Small stores manned by 3-4 people have emerged the winners, said Karthik Venkateswaran, co-founder and CEO, Jumbotail, a business-to-business firm that delivers stocks to kirana stores. The company is seeing many more repeat purchases from small retail stores on its platform. In all, Jumbotail serves 24,000 groceries. To ensure steady supply, Jumbotail said it is focusing on the top 700-800 stock keeping units or SKUs of the 3,500 it offers to kiranas, based on the immediate consumer needs.

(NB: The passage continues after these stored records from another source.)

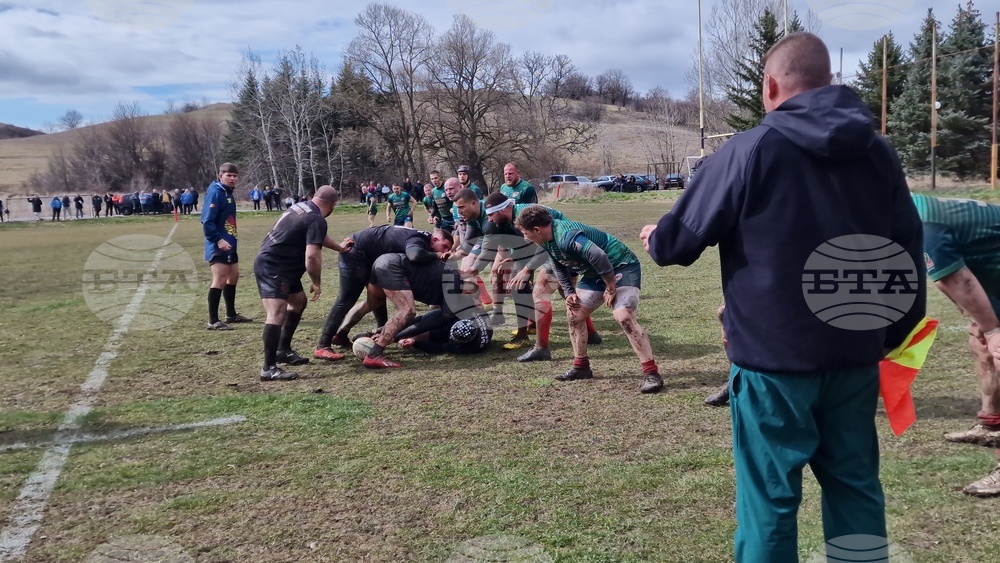 Балкански котки Берковица с убедителна победа в Перник срещу Валяците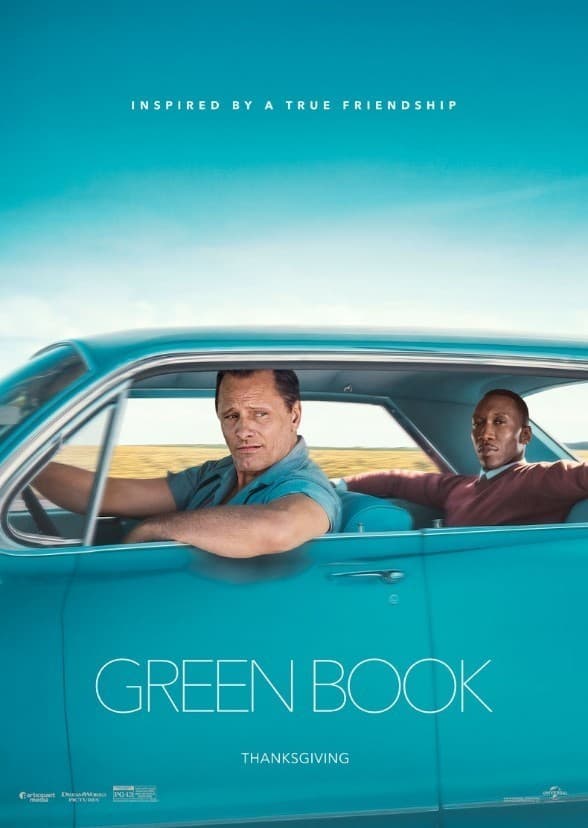 Green Book (1978)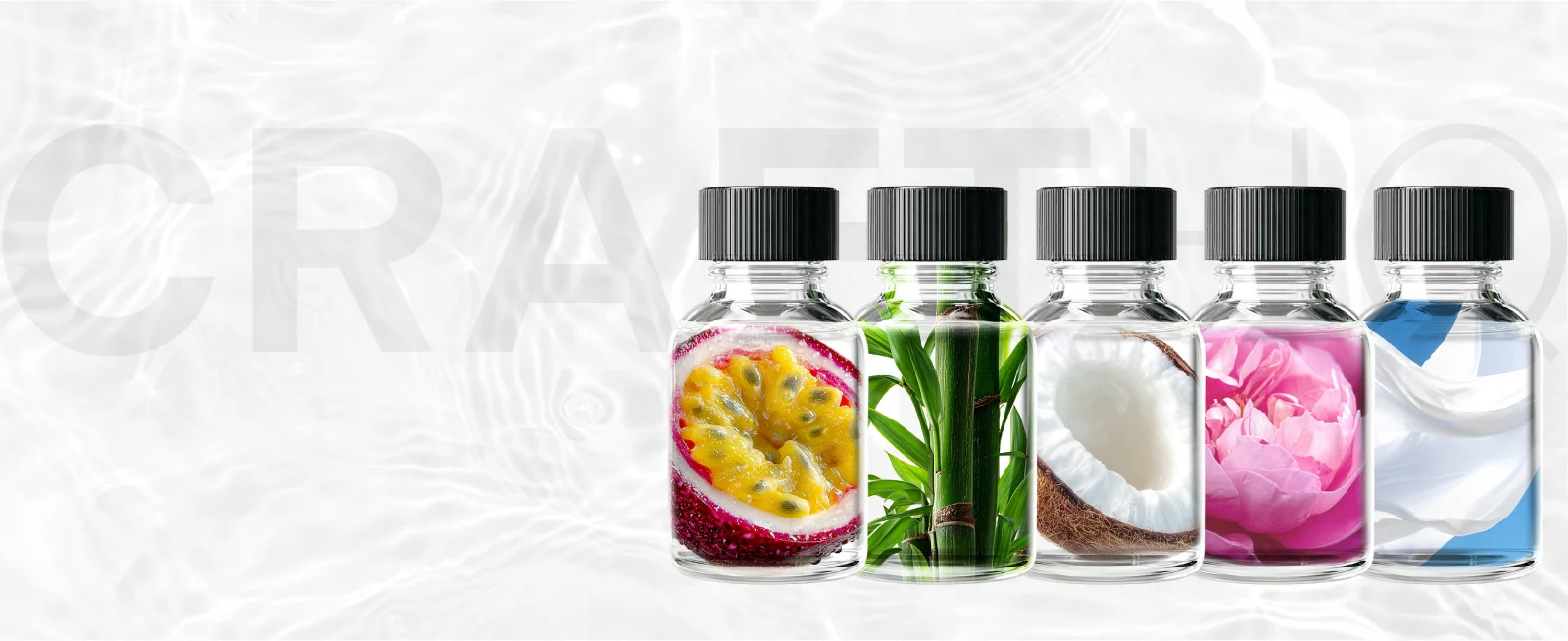 Elevate Your Scents, Stand Out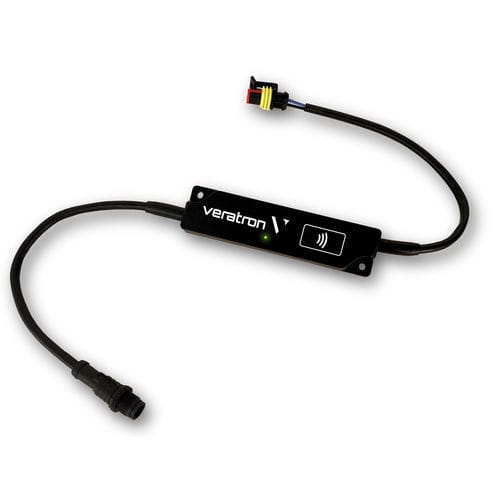 Conversor de sinal - LinkUp - Resistive - VERATRON - analógico / NMEA / náutico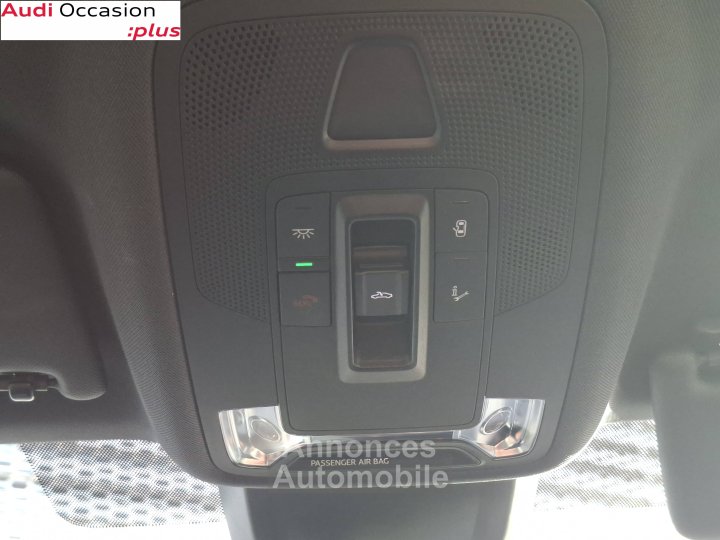 Audi A3 Sportback TDI 150 S tronic 7 S line - 44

Kumar Vembu, CEO and founder, GoFrugal Technologies, which works with 5,000 kiranas in cities such as Nagpur, Lucknow and Pune, said that his company is helping kiranas by offering solutions free of charge for the next six months. These free solutions will help them practice contactless and safe deliveries.
At Top in Town, a neighbourhood supermarket in east Bengaluru’s CV Raman Nagar locality, the lockdown has altered the way it has functioned for the past 14 years. It has stopped home deliveries to the nearly 120 families in the area it services since the lockdown. The store was unable to meet the surge in demand for home deliveries from panicked buyers. Supply of certain products has been patchy, too. “We aren’t getting products of Britannia or Haldiram’s because distributors are unable to send them across due to acute shortage of delivery staff," said store manager Sohail M.
Morning Store’s Bhagwani said his margins are hurting since companies no longer offer any schemes or freebies that retailers typically avail on bulk purchases. Most kiranas opt for a credit period of 7-14 days. However, since they have enough cashflow they are able to make upfront payments.
Kalpana Pathak, Meera Vankipuram, and Nandita Mathur contributed to this story.